WHAT THIS TASK INVOLVES - The answer must be every line of the data that holds the word "view".

MATERIAL FOR THIS EXERCISE -
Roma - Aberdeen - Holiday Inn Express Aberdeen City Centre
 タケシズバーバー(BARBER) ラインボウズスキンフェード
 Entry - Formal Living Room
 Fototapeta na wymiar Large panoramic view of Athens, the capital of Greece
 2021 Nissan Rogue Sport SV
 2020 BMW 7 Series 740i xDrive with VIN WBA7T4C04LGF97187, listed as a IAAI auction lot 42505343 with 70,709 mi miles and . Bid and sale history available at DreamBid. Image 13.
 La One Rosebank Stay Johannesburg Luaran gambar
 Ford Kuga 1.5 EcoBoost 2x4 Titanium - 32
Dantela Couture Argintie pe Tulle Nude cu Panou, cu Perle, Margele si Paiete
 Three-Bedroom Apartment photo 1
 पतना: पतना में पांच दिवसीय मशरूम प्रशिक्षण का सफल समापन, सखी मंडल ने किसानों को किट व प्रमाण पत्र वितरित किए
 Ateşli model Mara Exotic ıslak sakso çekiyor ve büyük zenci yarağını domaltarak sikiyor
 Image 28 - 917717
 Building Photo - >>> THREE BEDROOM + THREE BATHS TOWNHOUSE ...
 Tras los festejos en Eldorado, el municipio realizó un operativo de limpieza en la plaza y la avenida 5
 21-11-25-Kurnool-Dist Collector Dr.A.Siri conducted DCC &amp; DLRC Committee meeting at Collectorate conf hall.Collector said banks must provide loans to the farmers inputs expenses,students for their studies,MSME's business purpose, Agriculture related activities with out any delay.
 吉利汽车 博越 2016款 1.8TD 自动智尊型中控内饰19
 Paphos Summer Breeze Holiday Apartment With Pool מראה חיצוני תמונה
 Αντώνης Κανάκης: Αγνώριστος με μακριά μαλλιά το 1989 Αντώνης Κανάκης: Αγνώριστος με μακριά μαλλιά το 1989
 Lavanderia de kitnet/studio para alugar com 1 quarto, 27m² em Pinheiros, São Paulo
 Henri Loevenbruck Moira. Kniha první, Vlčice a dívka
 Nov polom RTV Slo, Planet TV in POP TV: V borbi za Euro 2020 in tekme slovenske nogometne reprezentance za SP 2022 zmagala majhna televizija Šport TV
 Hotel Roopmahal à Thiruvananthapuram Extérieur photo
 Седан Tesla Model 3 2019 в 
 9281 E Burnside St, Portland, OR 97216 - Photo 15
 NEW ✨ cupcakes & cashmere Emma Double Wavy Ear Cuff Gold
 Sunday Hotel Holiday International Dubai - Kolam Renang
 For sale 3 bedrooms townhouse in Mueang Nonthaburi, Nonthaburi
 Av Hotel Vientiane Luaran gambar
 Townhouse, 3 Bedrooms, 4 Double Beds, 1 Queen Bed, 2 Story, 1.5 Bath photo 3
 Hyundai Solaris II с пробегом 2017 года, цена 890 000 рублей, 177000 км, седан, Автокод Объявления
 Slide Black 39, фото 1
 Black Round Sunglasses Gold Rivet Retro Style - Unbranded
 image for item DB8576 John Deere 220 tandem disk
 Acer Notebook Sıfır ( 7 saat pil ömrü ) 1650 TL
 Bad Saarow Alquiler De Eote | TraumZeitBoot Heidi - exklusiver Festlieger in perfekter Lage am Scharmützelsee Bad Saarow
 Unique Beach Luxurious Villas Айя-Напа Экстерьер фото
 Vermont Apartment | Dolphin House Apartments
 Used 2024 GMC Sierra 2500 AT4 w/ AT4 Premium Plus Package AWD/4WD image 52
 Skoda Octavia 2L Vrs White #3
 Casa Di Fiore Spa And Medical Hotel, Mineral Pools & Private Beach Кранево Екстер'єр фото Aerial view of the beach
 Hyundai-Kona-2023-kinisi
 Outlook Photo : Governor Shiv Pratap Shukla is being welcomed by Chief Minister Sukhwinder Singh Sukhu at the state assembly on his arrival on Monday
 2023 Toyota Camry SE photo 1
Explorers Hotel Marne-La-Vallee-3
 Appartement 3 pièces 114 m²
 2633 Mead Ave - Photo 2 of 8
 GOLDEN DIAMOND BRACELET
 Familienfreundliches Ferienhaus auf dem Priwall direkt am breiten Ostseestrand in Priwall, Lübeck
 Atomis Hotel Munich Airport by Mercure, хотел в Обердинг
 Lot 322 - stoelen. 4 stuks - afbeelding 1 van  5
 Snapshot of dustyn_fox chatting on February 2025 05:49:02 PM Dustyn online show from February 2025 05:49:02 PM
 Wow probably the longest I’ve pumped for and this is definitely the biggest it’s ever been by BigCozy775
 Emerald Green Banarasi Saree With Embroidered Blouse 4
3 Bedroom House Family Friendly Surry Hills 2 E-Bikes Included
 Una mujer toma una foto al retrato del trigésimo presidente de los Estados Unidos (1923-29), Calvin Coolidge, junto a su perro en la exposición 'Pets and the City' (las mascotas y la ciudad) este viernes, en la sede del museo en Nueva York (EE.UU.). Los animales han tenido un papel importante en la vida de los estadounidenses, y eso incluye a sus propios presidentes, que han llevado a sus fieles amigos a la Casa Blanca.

RESULT FOR THIS TASK -
 Fototapeta na wymiar Large panoramic view of Athens, the capital of Greece
 Casa Di Fiore Spa And Medical Hotel, Mineral Pools & Private Beach Кранево Екстер'єр фото Aerial view of the beach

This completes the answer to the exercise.